THE most northerly major town of the Tiber Valley, Borgo San Sepolcro lies at the junction of two great historic routes, that from the Romagna in the north to Perugia and eventually to Rome, and the road that crosses the Trabaria Pass to the east, linking the Adriatic coast with the Tuscan heartland. Fought over by local families and powers, and controlled by the papacy for much of the fifteenth century, the town was a major prize when it fell to Florence in 1515.
Massive fortifications attest to Borgo’s importance as a frontier fortress. That the town had long acclimatized itself to Florentine taste is demonstrated by the career of its outstanding artist, Piero della Francesca, whose mentors were Fra Angelico and Masaccio. Piero, so long overlooked, has now been a cult figure for almost a century. His sphere of activity was, to a remarkable extent, dictated by geography. His major commissions were all for places in direct reach of his native town: Rome and Perugia to the south, Ferrara to the north, Arezzo to the west, and to the east Urbino and Rimini. Furthermore, Piero’s Riminese patron, Sigismondo Malatesta, obtained Citerna – hardly ten kilometres from Borgo – which overhangs the cemetery of Monterchi, from which Piero’s fresco of the Madonna del Parto was recently hijacked by the authorities of that town. The prodigious fresco cycle at Arezzo is his grandest achievement. Yet it is surely at Borgo San Sepolcro that he is best understood.
The Palazzo Comunale is sadly no longer entered from the Via Matteotti but from a side door. The visitor is advised to move briskly through the first rooms.

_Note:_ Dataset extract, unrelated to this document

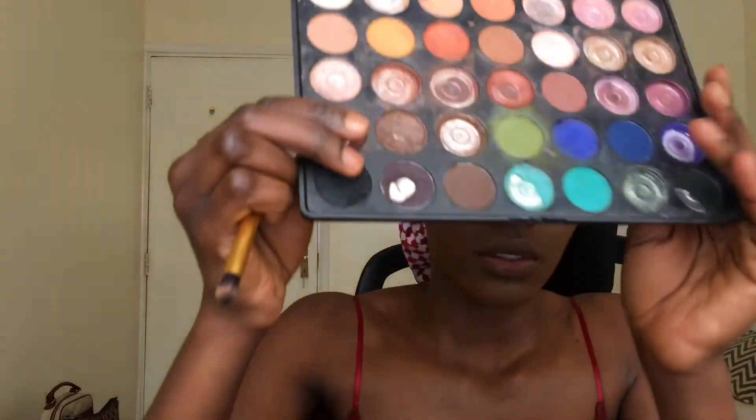Next I'm going to contour, and as usual I'm using my Kara Beauty palette for that. I'm contouring with this shade using this brush. I'm going to start with my nose.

Piero’s polyptych of the Madonna della Misericordia was an early commission, although it was not completed until about 1460. The Madonna is of an elevated beauty, and the spectator was not intended to doubt that the citizens and their women who sheltered beneath the mantle were right to trust to her protection. The flanking saints have, perhaps, a more tentative quality, and certainly lack the tension of the Crucifixion which originally surmounted the Madonna and is now at Naples. But it was only in the predella that Piero subcontracted to assistants.
The Resurrection is the symbol of Borgo San Sepolcro – the observant will already have noticed Niccolò di Segna’s Ducciesque interpretation of this in his polyptych in an earlier room. Piero’s celebrated fresco of the subject thus had an especial significance for his townsmen. Our eye moves upwards from the sleeping soldiers to Christ. He rises, as if by an inexorable force, from the sarcophagus, his face at once impassive and serene. Behind stretches the landscape that Piero knew so well, living and verdant on the right, desiccated like that he would have seen on the Bocca Trabaria to the left. Inexorable in logic and timeless in message, the Resurrection is Piero’s absolute masterpiece.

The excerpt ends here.